Steve Brown over at Network Instruments alerted me that they’ve put out a press release regarding their annual “State of the Network” global study; here’s a direct link, and here’s the juicy bits.
- Virtualization rollouts surging: Over half of applications will run on virtual machines by 2011
- Strong embrace of video: Companies deploying video conferencing to double by 2010
- IT largely unaffected by layoffs: 65 percent of network teams haven't or do not expect to experience layoffs
- Virtually in the dark: More than half lacked appropriate tools or visibility into virtual environments
- Largest troubleshooting headache: 80 percent indicated their chief troubleshooting challenge as identifying the problem source
- Emerging technology challenges: 45 percent saw virtualization as the greatest emerging monitoring challenge, followed by unified communications, cloud computing, and IPv6
Obviously not vendor neutral, but perhaps worth thinking about.
Cisco’s CEO, John Chambers also weighed in with an opinion about cloud computing security problems; specifically, that cloud computing has security problems.

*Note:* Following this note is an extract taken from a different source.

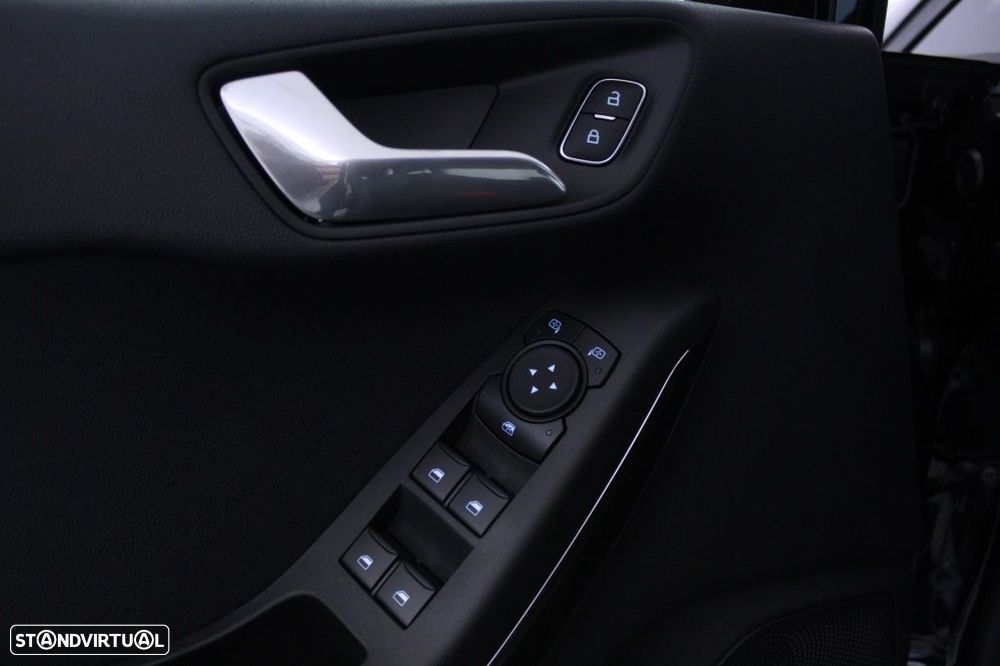 Ford Fiesta 1.0 EcoBoost MHEV ST-Line X - 20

Speaking during a keynote address at the annual RSA security conference, Chambers said cloud computing was inevitable, but that it would shake up the way that networks are secured.
"You'll have no idea what's in the corporate data center," he said. "That is exciting to me as a network player. Boy, am I going to sell a lot of stuff to tie that together."
However, he added, "It is a security nightmare and it can't be handled in traditional ways."…
"I'm not seeing a huge benefit in the cloud for us," said Bruce Jones, chief information security officer at Kodak, speaking in an interview.
One of the main problems is that Jones doesn't want to give up control of sensitive data to a nebulous cloud-based computing architecture. For long-term computing projects, it's probably cheaper to simply buy the hardware, he said, although cloud computing could work on a small scale at Kodak.
"It's a pilot or an R&D project where they want to do something and they need some kind of on-demand scalability; it's good for that as long as you don't care about the confidentiality of the data," Jones said.
Here’s one of the main problems with Cloud apps – all an attacker has to do is spoof the cloud computing app login page, and he’s got your own passwords, so he can go in and do whatever he wants with the data. Malicious hackers have been doing this for years with Ebay, which is one of the first “cloud computing apps” if you really think about it.
In the meantime it is May the 4th. May the 4th be with you.